Plymouth, Devon, PL5 1LP

West of Plymouth, spanning the River Tamar, is the Tamar Bridge. It runs from near Wearde, Saltash in the west to Riverside, Plymouth in the east. It has a central span of 335 metres and two side spans of 114 metres.

This major thoroughfare along the A38 connects Devon and Cornwall. It is a notable local landmark in Plymouth and Saltash. It has been used on several occasions for protests or to highlight the work of charities and fundraisers.

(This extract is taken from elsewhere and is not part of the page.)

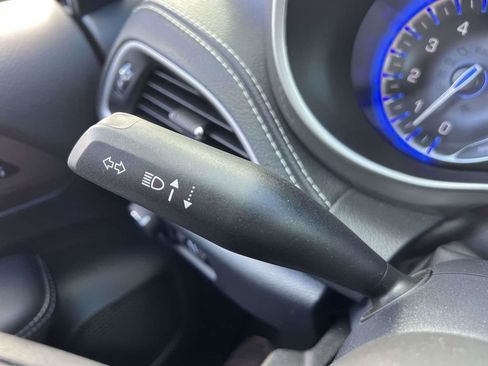 Used 2025 Chrysler Pacifica Select w/ Uconnect Theater Family Group image 34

The bridge was built in 1959 after it became clear that 20th century traffic could not be supported by the existing bridges. Funded by Plymouth City Council and Cornwall County Council, the bridge was officially opened in April 1962. The Queen Mother held a formal presentation to open the bridge.

In 1999, it was found that the bridge did not meet EU requirements for lorry loads so the bridge was closed. In 2002 it was formally reopened, this time by Princess Anne.

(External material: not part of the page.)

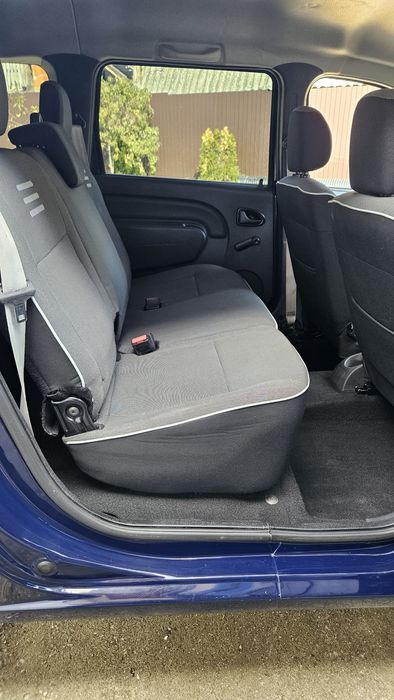 Dacia Logan MCV / 5 locuri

To help support the upkeep and maintenance of the bridge, it is tolled. Tolls are only payable when travelling eastbound from Saltash to Plymouth. The current tolls are:

  • Cars – £1.50
  • 2-axle goods vehicles – £3.70
  • 3-axle goods vehicles – £6.00
  • 4-axle goods vehicles – £8.20

You can get half price by using the Tamar Tag, a device that can be affixed to the window of your vehicle.

Today, you can visit the Bridging the Tamar Visitor Learning Centre. The new interactive exhibition space tells the story of the two bridges and celebrates this engineering legacy. The centre focuses on supporting STEM learning and provides guided tours of the bridge. The new Centre is free of charge and is open daily from 10am – 4pm.